Also if this still bothers you, nothing stops you from removing the first x lines of code and having it in another .py file if this feels obnoxious to you

> Oh, and later the author suggests the script modify itself after running. What the fuck. Absolutely unacceptable way to deploy software.

Regarding author suggest its removes itself its because it does still feel clutterish but there is virtually 0 overhead in using/having it still be if you are already using uv or want to use uv

Oh also, (I am not the Author) but I have played extensively with UV and I feel like the script can definitely be changed to install it locally rather than globally.

They themselves mention it as #overkill on their website but even then it is better than whatever github action is

quotemstr 3 hours ago | parent [-]

I'm a huge believer in the rule that everything GH actions does should be a script you can also run locally.

Imustaskforhelp 3 hours ago | parent [-]

Yes I believe the same too and I think we are on the same goal. I think that I can probably patch this code to install uv, let's say locally instead of globally if that's a major concern. I feel like its not that hard.

quotemstr 3 hours ago | parent [-]

It's easy enough to patch. It's the philosophy that bugs me. We already have a huge problem with routine workflows pulling things from the network (often, without even a semblance of hash-locking) and foregoing the traditional separation between environment setup and business logic. There's a lot of value into having discrete steps for downloading/installing stuff and doing development, because then you can pay special attention to the former, look for anything odd, read release notes, and so on. Between explicit, human-solicited upgrades, dev workflows should be using, ideally, vendored dependencies, or, if not that, then at least stuff that's hash-verified end-to-end.
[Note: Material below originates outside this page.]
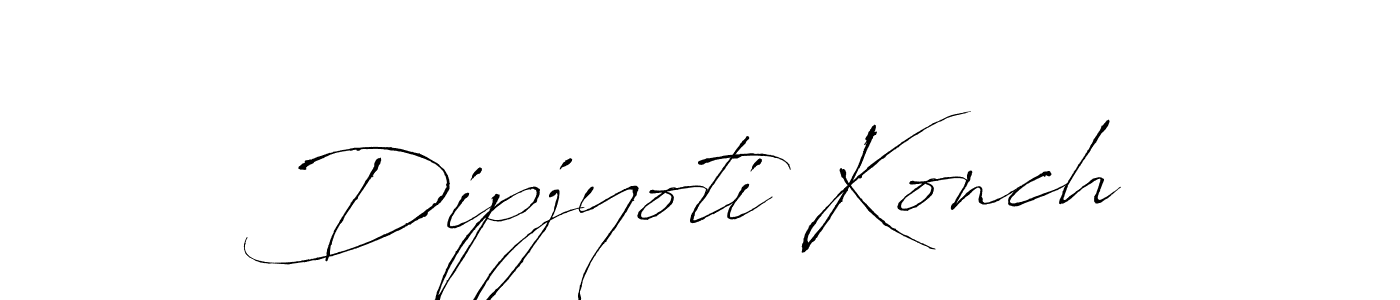 How to make Dipjyoti Konch name signature. Use Antro_Vectra style for creating short signs online. This is the latest handwritten sign. Dipjyoti Konch signature style 6 images and pictures png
Someday, someone is going to have a really big disaster that comes out of casual getting unauthenticated stuff from somebody else's computer.

pjc50 8 hours ago | parent | prev | next [-]

Using shell becomes deeply miserable as soon as you encounter its kryptonite, the space character. Especially but not limited to filenames.

catlifeonmars 6 hours ago | parent | prev | next [-]

I find that shell scripting has a sharp cliff. I agree with the sentiment that most things are over engineered. However it’s really easy to go from a simple shell script running a few commands to something significantly more complex just to do something seemingly simple, like parse a semantic version, make an api call and check the status code etc, etc.

The other problem with shell scripting on things like GHA is that it’s really easy to introduce security vulnerabilities by e.g forgetting to quote your variables and letting an uncontrolled input through.

There’s no middle ground between bash and python and a lot of functionality lives in that space.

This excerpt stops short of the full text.